I don't quite understand your point - are you saying that gold has some kind of intrinsic value that limits its use as money above a certain valuation?
The intrinsic value of gold, whatever that is, has nothing to do with it. A paper dollar has no intrinsic value at all yet is accepted as money. Why do not people swap their valueless paper dollars, which you can't eat etc etc for some paper that is less expensive and overvalued...?
Gold functions as money because it is durable, very difficult to fake, rare and hence unprintable except generally the supply increases from mines ~2.5%/annum, also it is divisible and all gold refined to the same standard is identical. These properties all make for a suitability for money. Diamonds are rare and expensive plus difficult to fake but are not divisible and all are slightly different from each other - not good as money.
Gold would, if used as a 100% backing for the money supply, take on the value dictated by the amount of currency in the system, be that M2 or whatever, without reference to any value dictated by the cost of digging it out of the ground.

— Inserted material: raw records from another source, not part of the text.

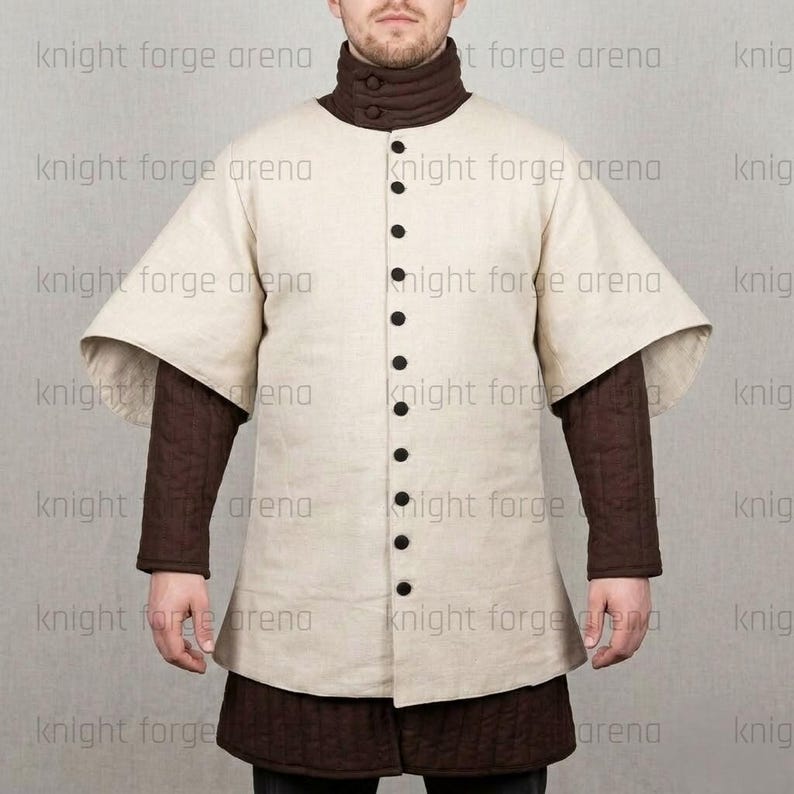 May include: A cream-colored medieval tunic with a high collar and long sleeves. The tunic features a button-down front with black buttons and is layered over a brown quilted undergarment. The text "knight forge arena" is visible.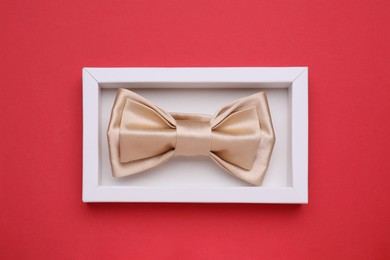 Stylish beige bow tie in box on red background, top view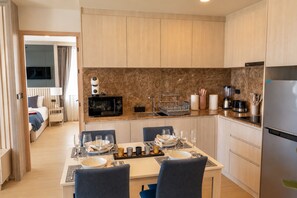 Una habitación de hotel compacta con kitchenette, comedor y cama.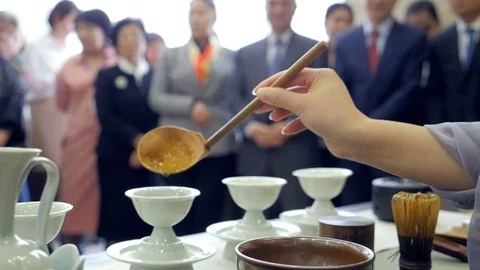 Chinese tea ceremony performance. Pours tea into a cup. People on the background Vidéo 114795412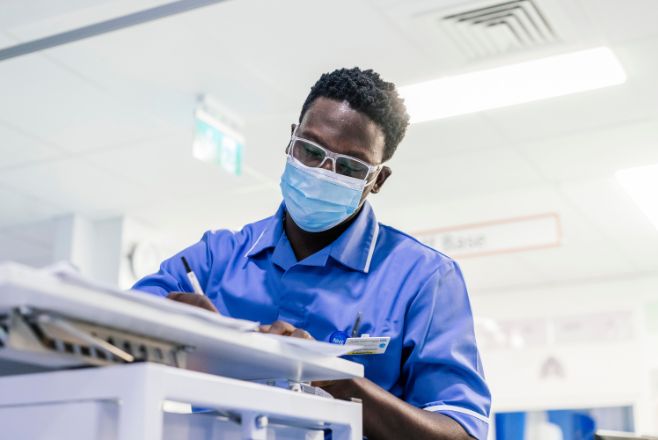 Male nurse writing on paper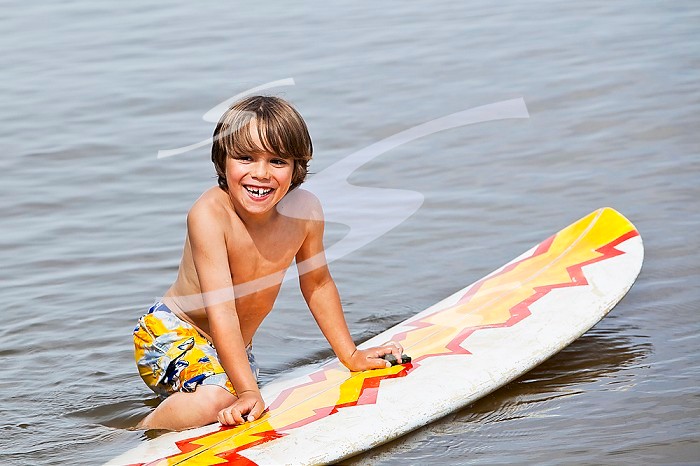 Young happy boy playing in water on a surfboard.  Lake Winnipeg, Gimli, Manitoba, Canada.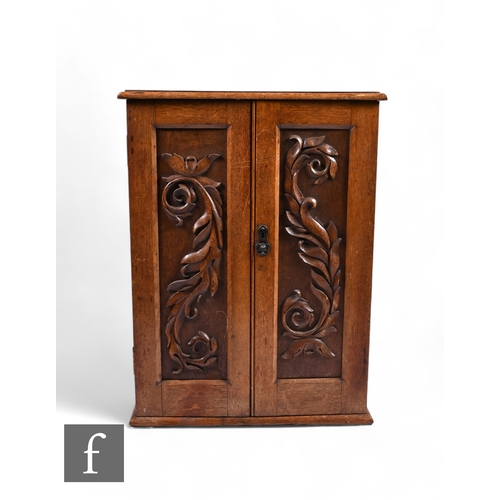 857 - An Edwardian oak cupboard, the fitted shelf interior enclosed by a pair of carved panel doors below ... 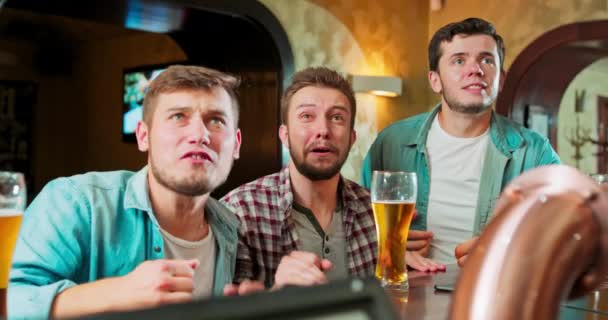 Chłopaki, fani piłki nożnej oglądają mecz wieczorem w pubie i martwią się o swoje — Wideo stockowe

I don't expect it would form a 100% backing so I don't expect it to rise to $50,000 but we're not so far off 10% of that for a fractional gold system. You could swap your paper for gold should you so wish, it may keep the pollies and bankers a little more hamstrung than they are now as they would need a minimum amount of gold to cover requests for specie instead of paper (De Gaulle requested payment from the US in gold instead of dollars in the late 60's as it became clear the dollar was overvalued relative to gold. Of course Nixon had to stop that so he 'closed the gold window').